Una celebrazione dell’America ma anche un attestato di positività e di speranza, con l'Irlanda grande protagonista. Ora su TIMVISION.
Da rilevare la qualità della radice letteraria del film diretto da John Crowley. Deriva da un romanzo di Colm Tóibín, irlandese di talento vero e dall’intervento, come sceneggiatore, di Nick Hornby, inglese, che sta lasciando segni importanti coi suoi copioni. Tóibín presenta una storia interessante, ardente, che risale a suo nonno, che era un membro dell’IRA e aveva conosciuto la prigione. Quel segnale famigliare rimarrà sempre parte della sua cultura e del suo percorso.
L’Irlanda, comunque protagonista. In Brooklyn c’è tanta Irlanda. È da un villaggio irlandese che nel 1952 parte la giovane Eilis, che dalla vita si aspetta molto di più di quanto le si prospetta. Raggiunta l’America affronta le prime difficoltà fino a quando si ritrova in uno status soddisfacente: un grande magazzino di Brooklyn.

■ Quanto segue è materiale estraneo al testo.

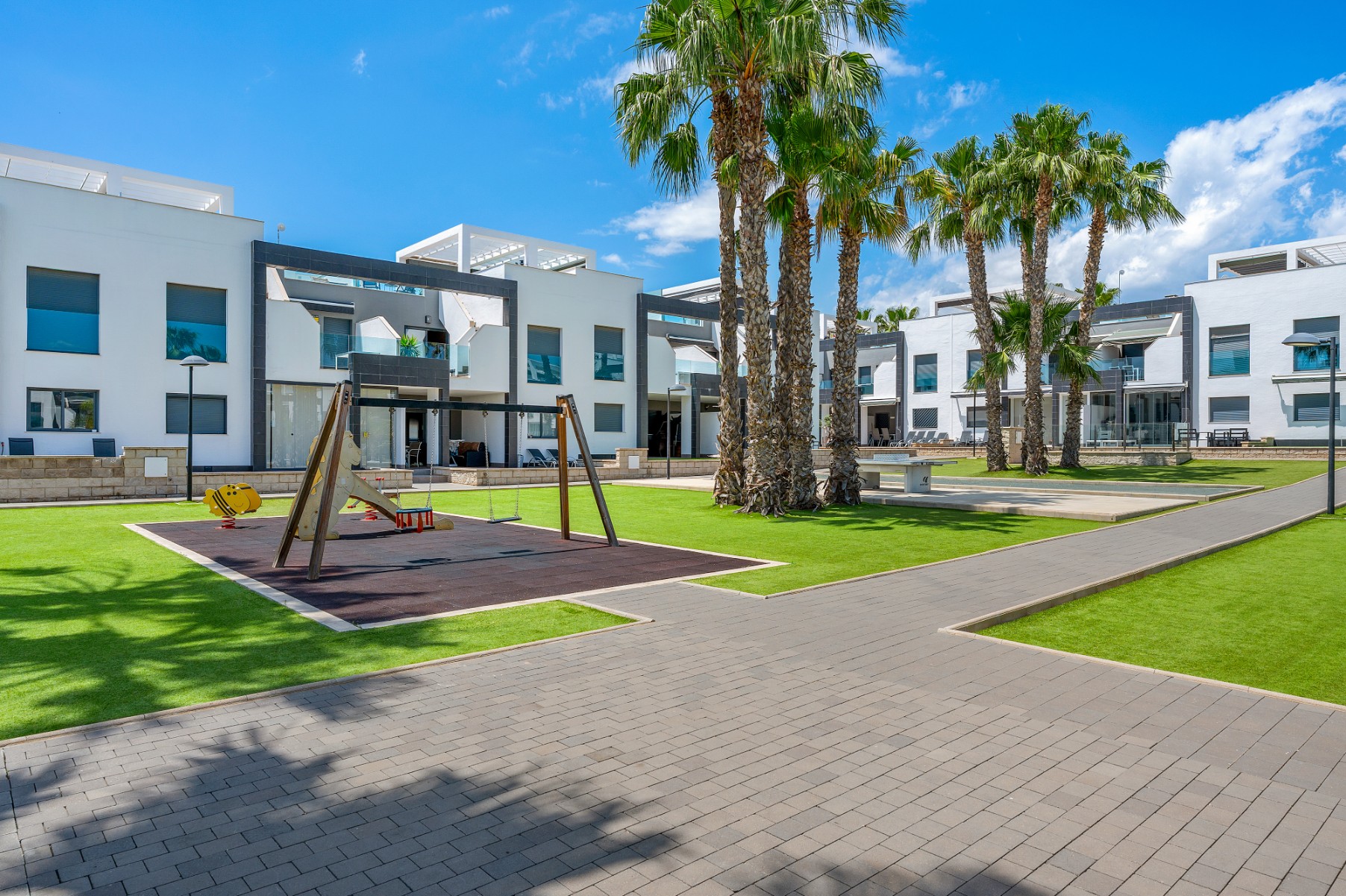 For sale - 2 Bedroom 2 Bathroom Apartment in Orihuela Costa - La Zenia  - Alicante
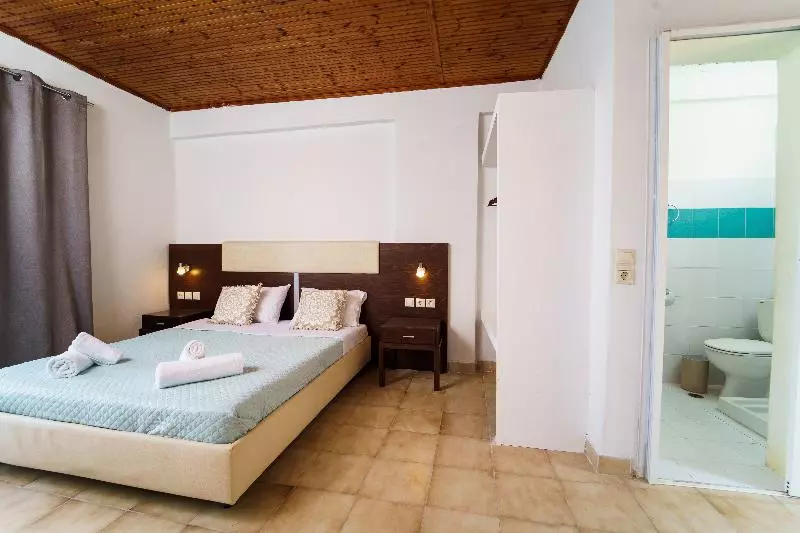 هتل Mayo Rooms
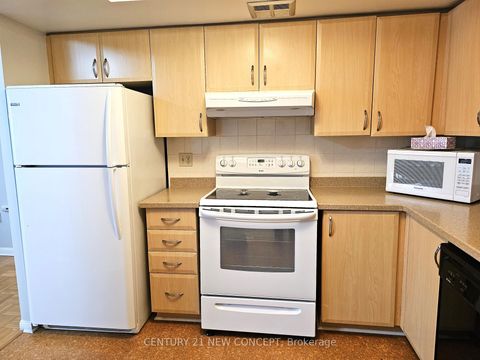 Photo 10 at 123 - 255 The Donway West E, Don Mills, Toronto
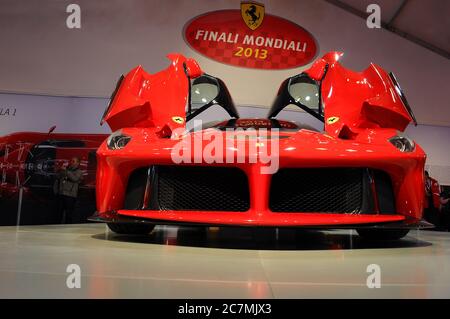 MUGELLO, IT, November 2013: Ferrari La Ferrari auf dem Kurs Mugello während des Finali Mondiali Ferrari 2013. Italien. Stockfoto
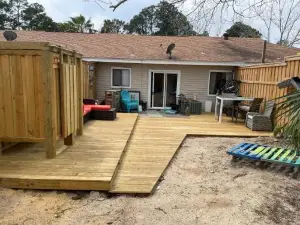 Destin-y 30A Beach Retreat Self Checkin - Huge Private Backyard Deck with Outdoor Shower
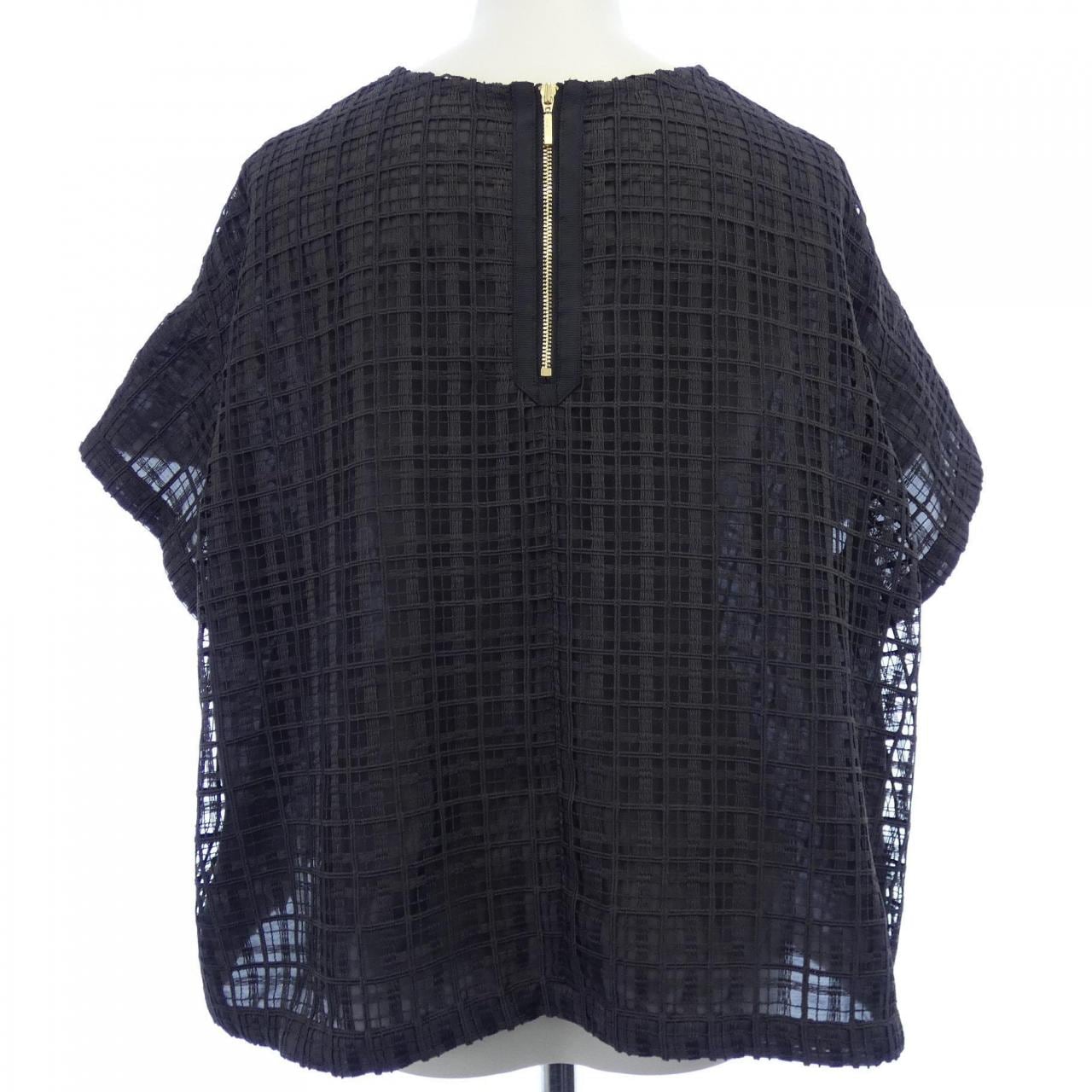 ニジュウサンク 23区 トップス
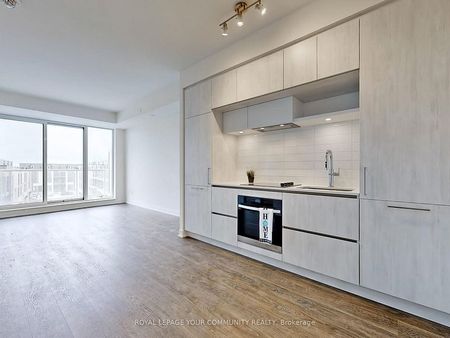 For Lease - 2 David Eyer Road Unit# 421, Richmond Hill, Ontario - Photo 4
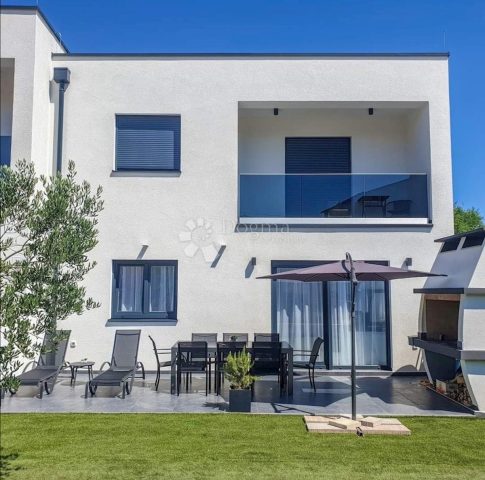 Casa In vendita - šibensko-kninska Vodice - foto 2/37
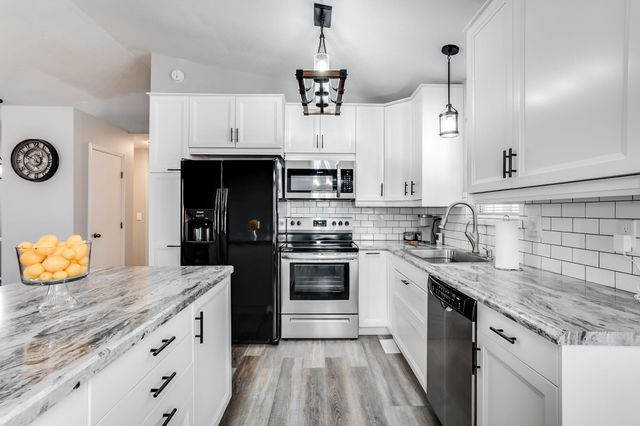 5340 S Stoneborough Ct, Wichita, KS 67217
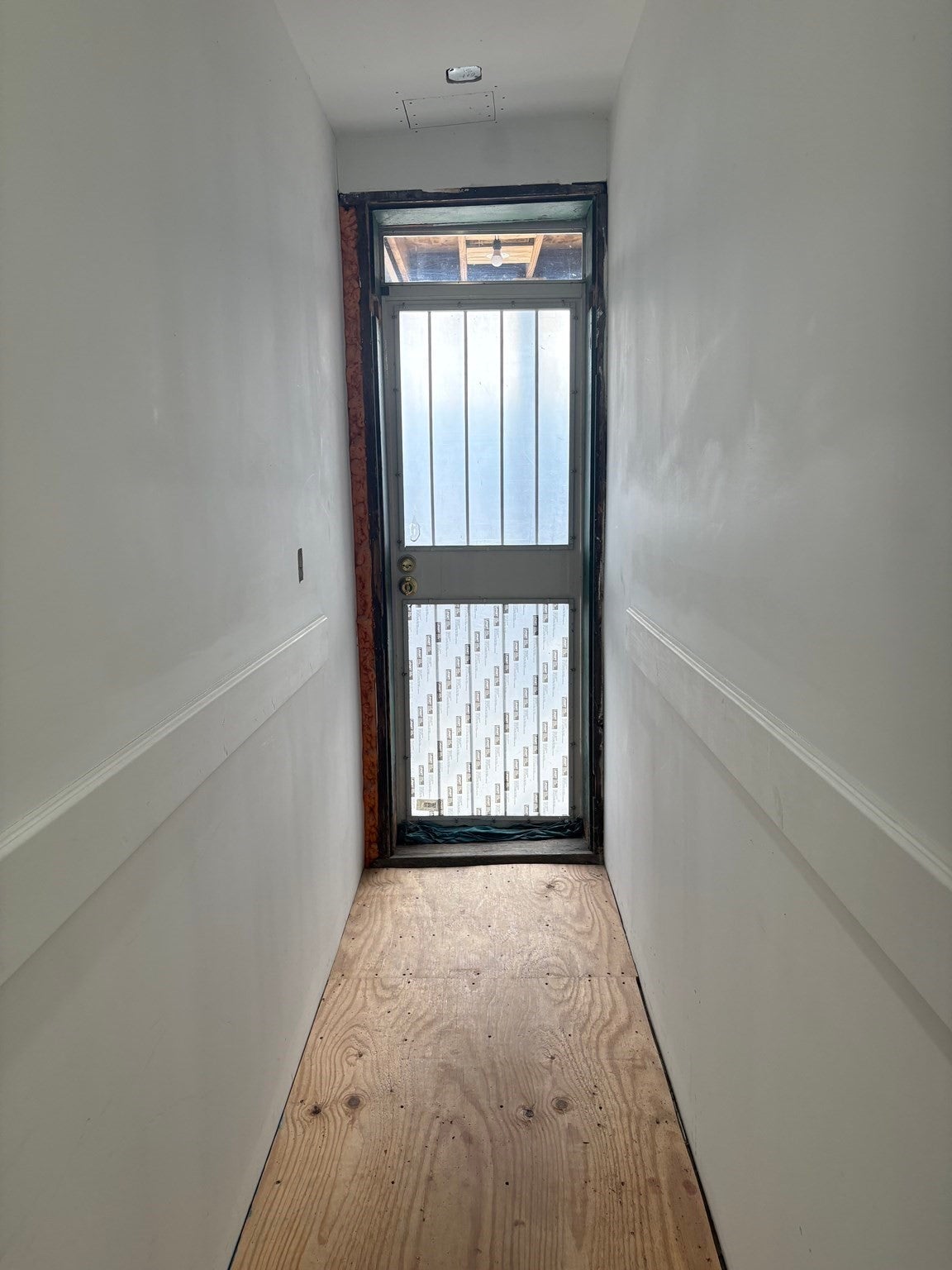 632 S East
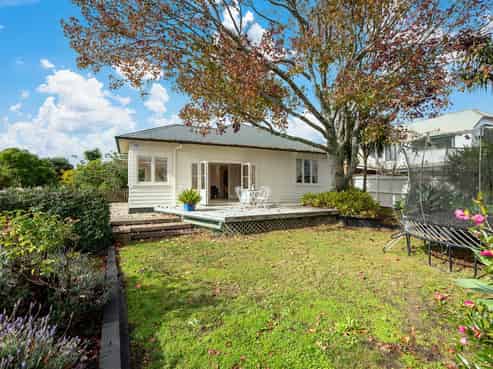 1/139 Litten Road, Cockle Bay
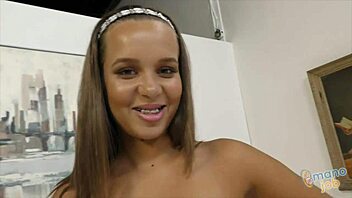 Liza Rowe pleads for your cumshot facial on her cute braces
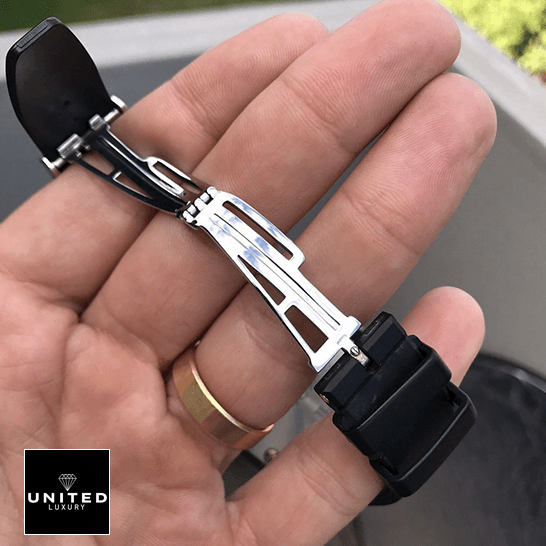 AP Offshore Diver Replica 8 audemars_piguet_royal_oak_offshore_diver_back_clasp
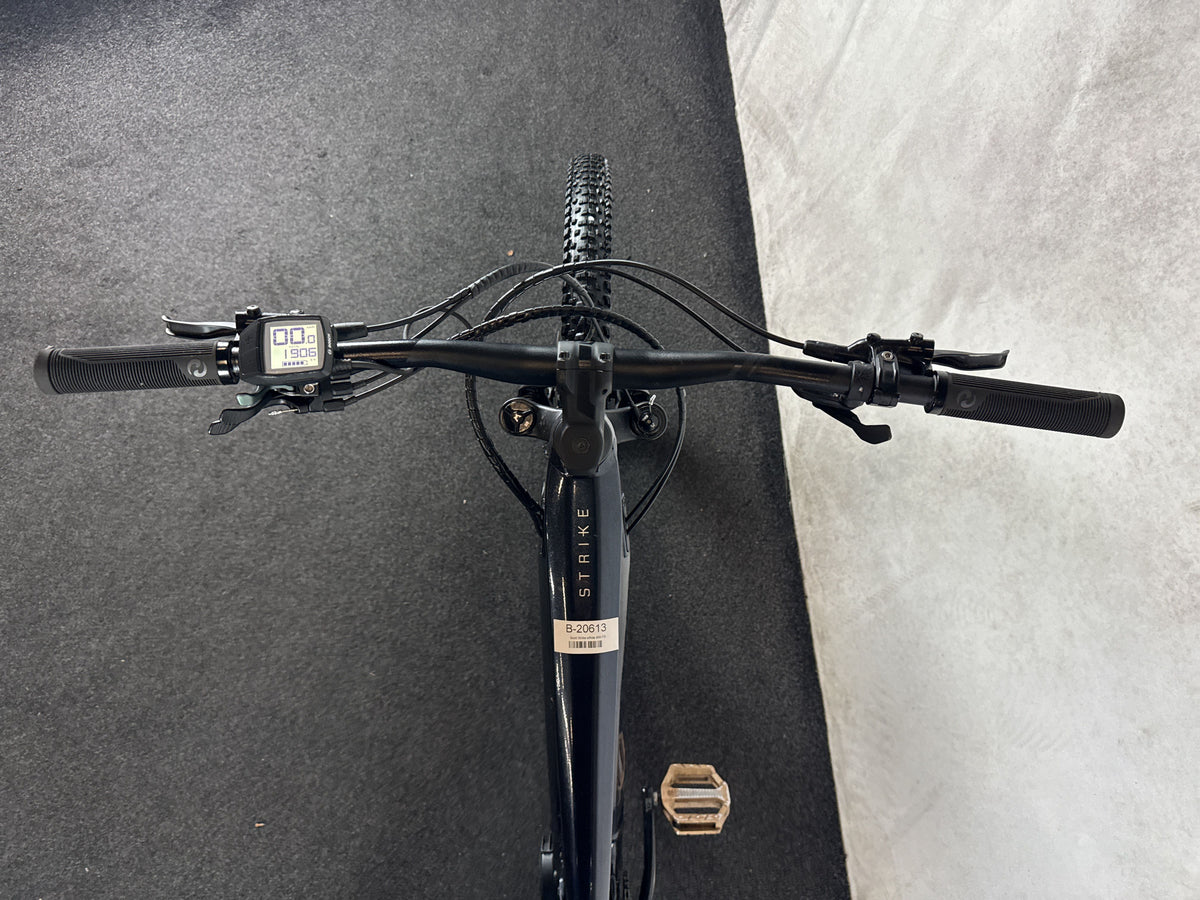 Scott eRIDE Strike 930 gebraucht – Cockpit aus Fahrersicht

Anche la fase sentimentale ha la sua soluzione nel matrimonio con un immigrato italiano. Il ritorno in Irlanda per la morte della sorella, che dovrebbe essere temporaneo, le ripropone il confronto fra le due civiltà. La terra madre le offre qualche lusinga, un nuovo amore, ma presto tocca di nuovo con mano un modo di intendere la vita, senza sbocchi che non siano la sopravvivenza. Così riprende la nave per New York e durante il viaggio incontra una ragazza con gli stessi suoi problemi di una volta. E ha molte cose da raccontarle. Non è proprio una celebrazione dell’America, ma un attestato di positività e di speranza.
Anche Crowley, il regista, è irlandese come Tóibín, e come cineasta preferisce privilegiare certi aspetti mélo, ma senza esagerare. La giusta misura è quella di Hornby, autore che ha firmato sceneggiature di grande qualità, che sa raccontare combinando cultura e leggerezza, dramma e spirito squisitamente inglese. Alcuni titoli fanno parte della memoria popolare, come Alta fedeltà, About a Boy e Buttiamoci giù.